Cada um dos convidados tem sua maneira diferente de
responder à pergunta. O padre, jovem bem apessoado, mas carrancudo, (...)
afirma que a realidade não podia deixar de ter uma origem divina. Assim como
cada um de nós passou a existir por um ato de nossos pais, diz o padre, também
o universo deve ter passado a existir pelo ato de um criador. Ele acrescenta
que Deus não foi a primeira causa num sentido temporal, pois Deus criou o
próprio tempo. Deus estava por trás do Big Bang, mas não era anterior a ele.
O físico é um sujeito mais velho (...). Mostra-se irritado e
impaciente com toda essa bobajada sobrenatural. A existência do universo é uma
pura questão de flutuações quânticas aleatórias, diz. Do mesmo modo que uma
partícula e sua antipartícula podem surgir espontaneamente de um vácuo, também
acontece com a semente de um universo inteiro. Assim, a teoria quântica explica
por que existe algo e não apenas o nada. Nosso universo surgiu por acaso de uma
flutuação quântica do vazio. E ponto final.
O monge, trajando uma túnica vermelha e açafrão, com os
ombros nus e a cabeça raspada, apresenta o ponto de vista mais interessante
sobre a questão. (...) Em contraste com a cara de santo do jovem padre e a
irritabilidade do velho físico, o monge exala felicidade. (...) Como budista,
diz, ele acredita que o Universo não teve início. O nada jamais poderia dar
origem ao ser, afirma, pois se define em oposição àquilo que existe. Nem um
bilhão de causas poderiam fazer com que um universo passasse a existir a partir
do que não existe.
(...) O monge budista protesta, gentil, que não está fugindo
da questão das origens. Ele a usa, isso sim, para explorar a natureza da
realidade. O que é o universo, afinal de contas? Não é naturalmente o nada. Mas
é algo muito próximo: um vazio. As coisas não tem, de fato, a solidez que lhes
atribuímos. O mundo é como um sonho, uma ilusão. Todavia, em nosso pensamento
transformamos sua fluidez em algo fixo e de aparência sólida."
A colocação do monge budista, no trecho transcrito acima,
meio que desarma o 'enredo' da história.
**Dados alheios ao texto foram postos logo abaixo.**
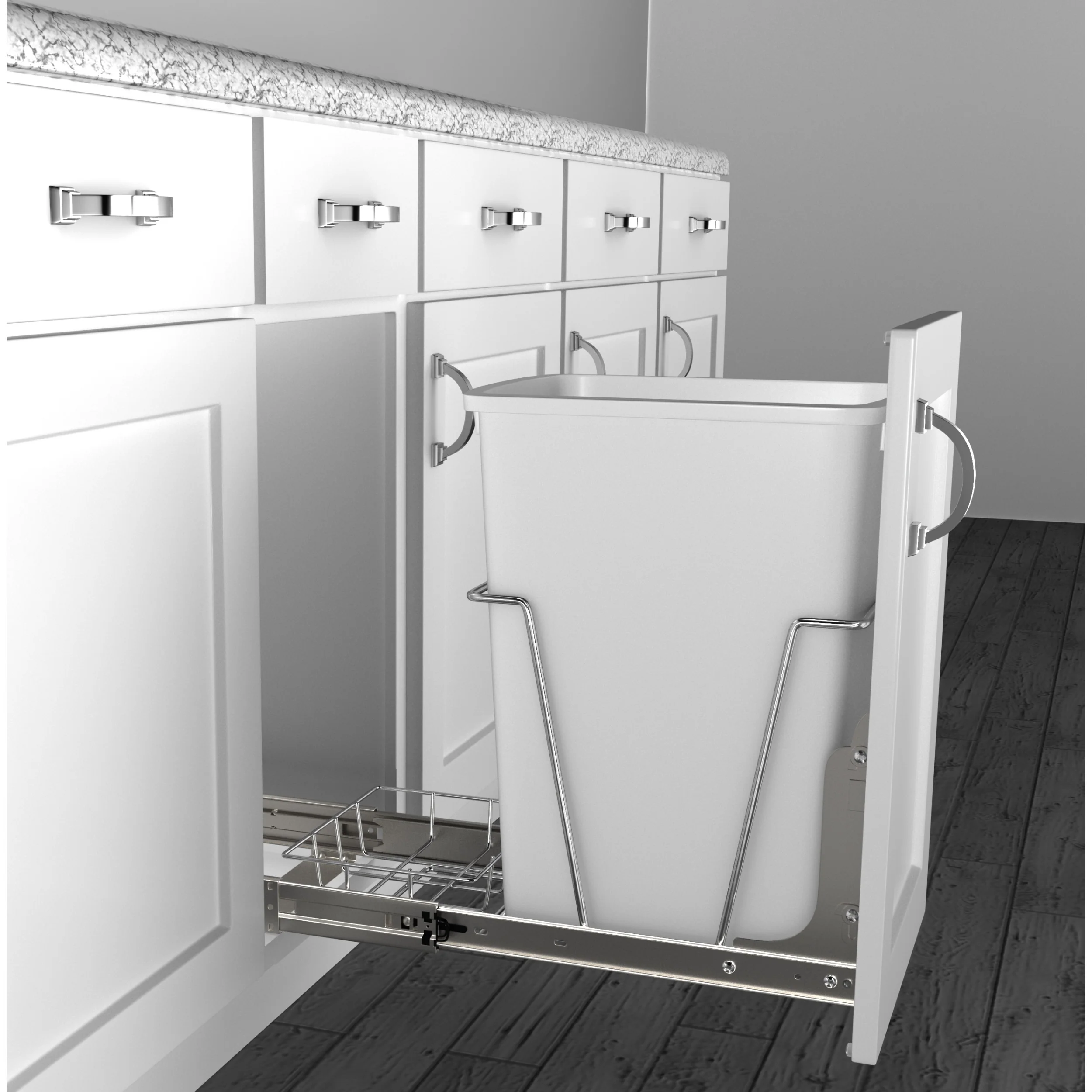 35 Qrt Pull-Out Waste Container Metallic Silver 10.63 in (270 mm) W x 22 in (559 mm) D x 19.25 in (489 mm) H - Image 6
Enquanto todos estão engajados em
decifrar o 'mistério do mundo', o cara pergunta: "que mundo?"
Pessoalmente acho esse tipo de questão a um só tempo fascinante, instigante, irrelevante e apaixonante.
O que me ocorre quando me dedico a pensar um pouco sobre esse tipo de assunto é quão limitados, pequenos e ignorantes nós somos em relação ao universo e à vida. De alguma forma, esse tipo de reflexão me inspira certa humildade, certa reverência e um sentimento meio angustiante de solidão.
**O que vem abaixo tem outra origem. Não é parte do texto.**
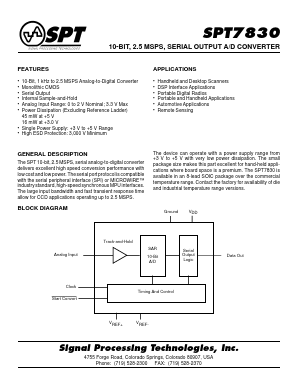 SPT7830 Datasheet PDF Signal Processing Technologies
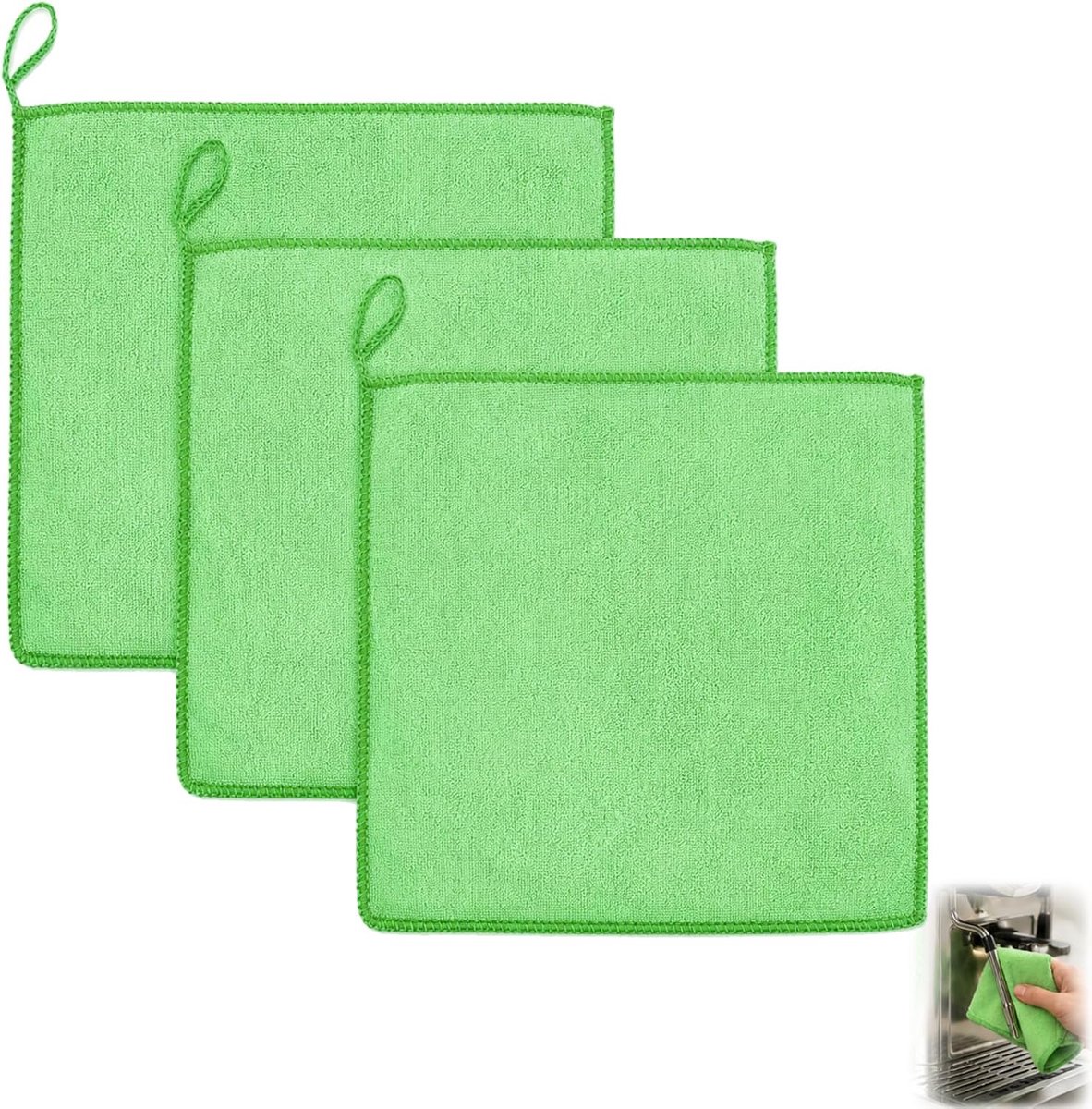 Microvezeldoeken - Schoonmaakdoekjes - Barista Reiniging - Dubbele Structuur - 25 x 25 cm - Groen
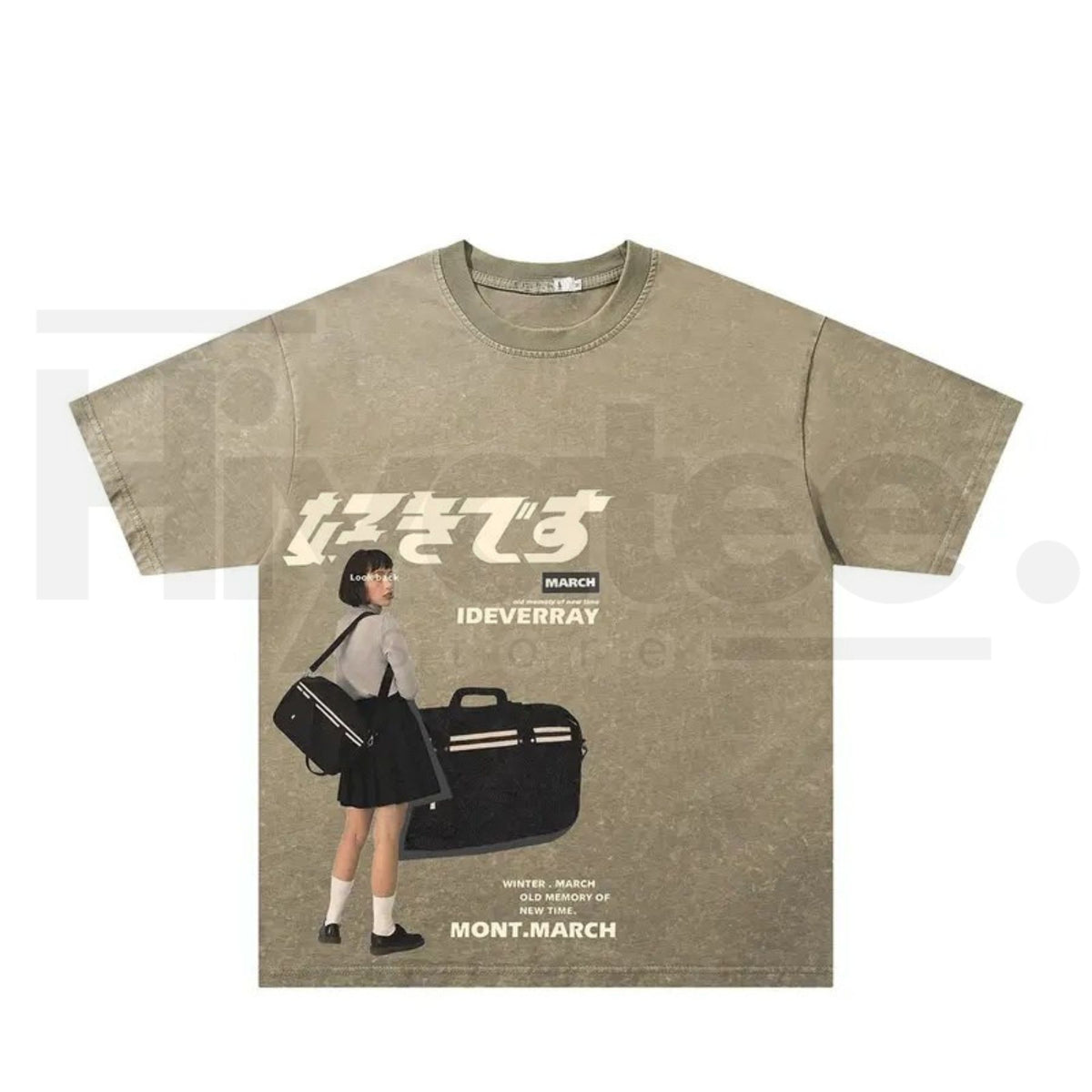 American Vintage Heavy Washed Tie-Dye Graffiti Streetwear T-Shirt – Oversized Baggy Unisex Cotton Short Sleeve Tee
A sensação que tenho é que fazemos parte de uma história muito maior e mais complexa (ou mais simples...) do que somos capazes de imaginar.
Será que "algum dia" seremos capazes de entender um pouco melhor tudo isso?
E você, o que acha dessa questão?
Cordilheira do Himalaia, vista do alto do Kalapatar, Abril de 1996
Um "grão de areia" do nosso universo incognoscível...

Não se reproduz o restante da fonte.